▶ **RAW DATA**

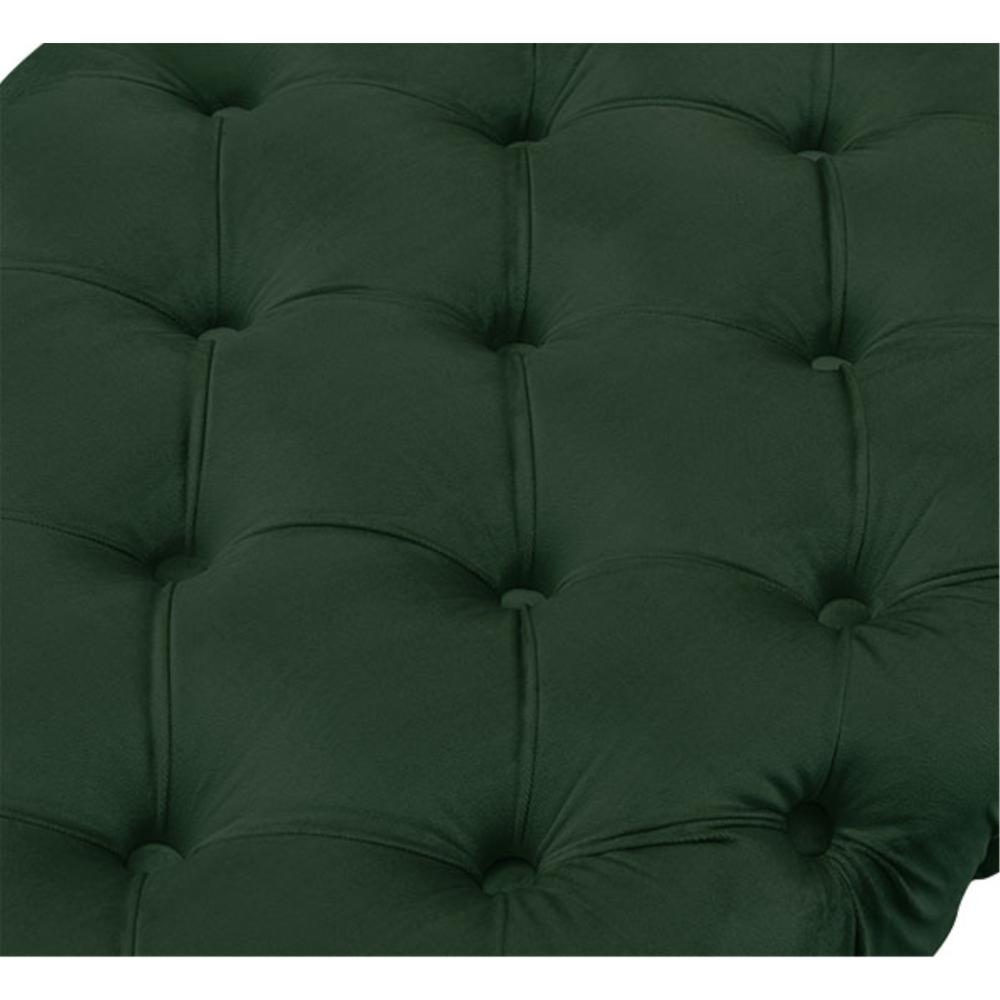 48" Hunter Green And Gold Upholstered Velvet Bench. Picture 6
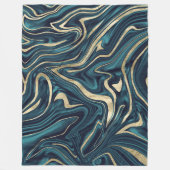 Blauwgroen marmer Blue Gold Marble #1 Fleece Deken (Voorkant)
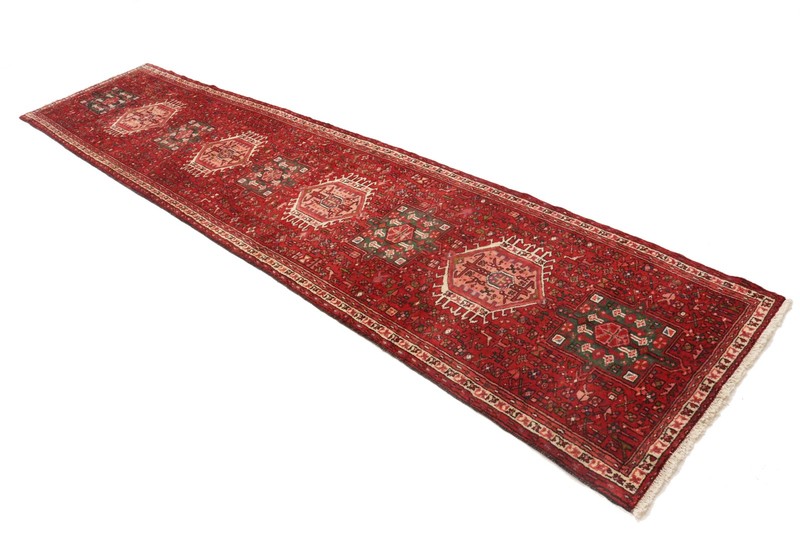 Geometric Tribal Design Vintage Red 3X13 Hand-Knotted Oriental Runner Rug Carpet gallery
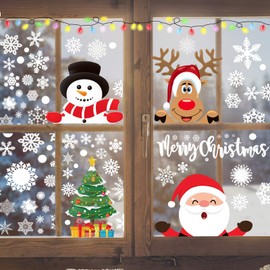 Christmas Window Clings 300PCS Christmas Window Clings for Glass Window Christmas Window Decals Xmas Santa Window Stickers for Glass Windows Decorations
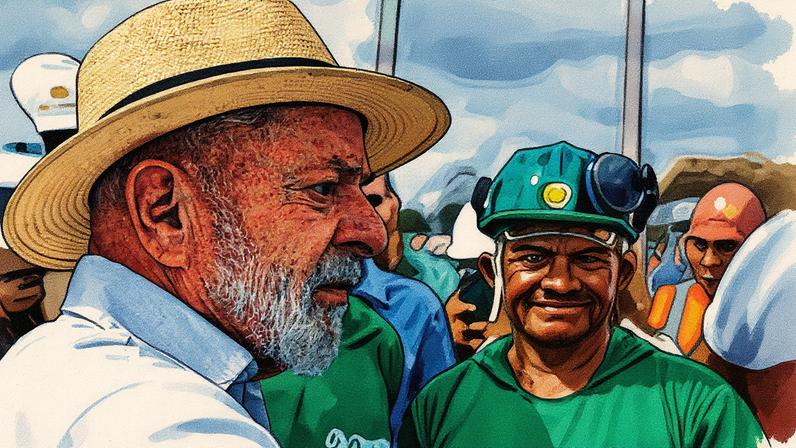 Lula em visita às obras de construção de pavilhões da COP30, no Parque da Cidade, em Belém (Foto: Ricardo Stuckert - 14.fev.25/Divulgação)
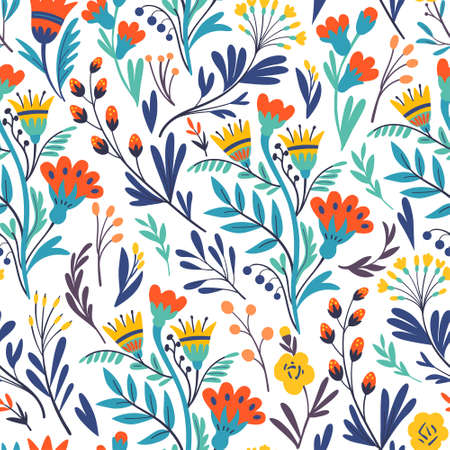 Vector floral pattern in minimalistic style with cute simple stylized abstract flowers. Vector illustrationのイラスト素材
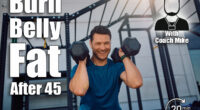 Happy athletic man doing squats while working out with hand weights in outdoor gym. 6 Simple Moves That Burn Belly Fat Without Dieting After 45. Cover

▶ **WHAT THIS TASK INVOLVES**
Restate the entries word for word, though any image they contain should not appear.

▶ **YOUR RESPONSE**
 48" Hunter Green And Gold Upholstered Velvet Bench. Picture 6
 Blauwgroen marmer Blue Gold Marble #1 Fleece Deken (Voorkant)
 Geometric Tribal Design Vintage Red 3X13 Hand-Knotted Oriental Runner Rug Carpet gallery
 Christmas Window Clings 300PCS Christmas Window Clings for Glass Window Christmas Window Decals Xmas Santa Window Stickers for Glass Windows Decorations
 Lula em visita às obras de construção de pavilhões da COP30, no Parque da Cidade, em Belém (Foto: Ricardo Stuckert - 14.fev.25/Divulgação)
 Vector floral pattern in minimalistic style with cute simple stylized abstract flowers. Vector illustrationのイラスト素材
 Happy athletic man doing squats while working out with hand weights in outdoor gym. 6 Simple Moves That Burn Belly Fat Without Dieting After 45. Cover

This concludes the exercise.